The most commonly used medication in treatment for opiods is methadone, although buprenorphine (Suboxone) has recently become a favorite, and naltrexone is also used. These work by targeting the same opioid receptors in the brain affected by heroin and other opiates, which suppresses withdrawal symptoms and relieves cravings. They also can block the effects of the opiods.
There are numerous drugs on the market to help with nicotine cravings. Three different medications have been approved for treating addiction to alcohol: acamprosate, disulfiram, and naltrexone. Naltrexone likewise blocks the receptors in the brain that contribute to the desirable effects and the cravings.
Acamprosate works by reducing the withdrawal symptoms. Disulfiram works by causing a negative reaction in the body when a person consumes alcohol.
What are the Dangers of Using these Treatment Methods?
Although methadone has been used to treat opioid addiction for over 40 years, and Suboxone has had great success over the past two decades, they have lately come under criticism. Both of these substances are opioid drugs, although they have a lighter and more prolonged effect.
Many experts believe that by treating patients with methadone or Suboxone, they really are just trading one addiction for another. Although the withdrawal symptoms do not begin as quickly when using these drugs, a person still will face withdrawal if he or she skips a dose.
Most people only need one dose of methadone or Suboxone a day to avoid withdrawal, unlike the three to four doses of heroin.
Trading One Addiction for Another
However, the fact that they still will experience withdrawal symptoms means that the body remains dependent on opioids, which is one of the signs of addiction. Additionally, it is common for addicts to build up a tolerance to these drugs, which is a risk factor for addiction.
Ideally, these drugs are only used for a short period of time and the dosage tapered to slowly let the body overcome the physical dependence on the chemical. However, some people remain on these drugs for many months, years and even their entire life. They have simply replaced one addictive substance for another, albeit a more widely accepted and controlled form of addiction.
Some people have begun to abuse these drugs, engaging in the same disruptive and dangerous behavior patterns seen by addicts of other opioid drugs, such as heroin, oxycotin, and morphine. They shop around for prescriptions, steal money to pay for their habit, and purchase potentially uncontrolled substances off the black market.
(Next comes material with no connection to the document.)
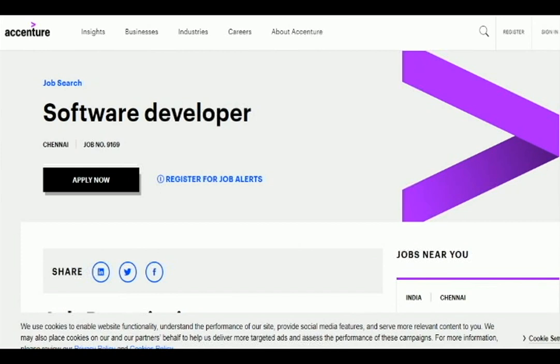This is a software developer opening. This channel location covers fresher and experienced candidates. This is another opening in software, and this is a great company.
They may no longer be abusing heroin, but now they find themselves doing the same actions to get methadone or Suboxone.The drugs that help with nicotine and alcohol withdrawal can likewise cause problems and dangerous symptoms, which is why they need to be monitored by a medical professional.
Although medically-assisted detox can be helpful in some situations, many in the recovery circles believe that there are better, and safer, ways to assist people in overcoming their addictions that do not include facilitating a new addiction.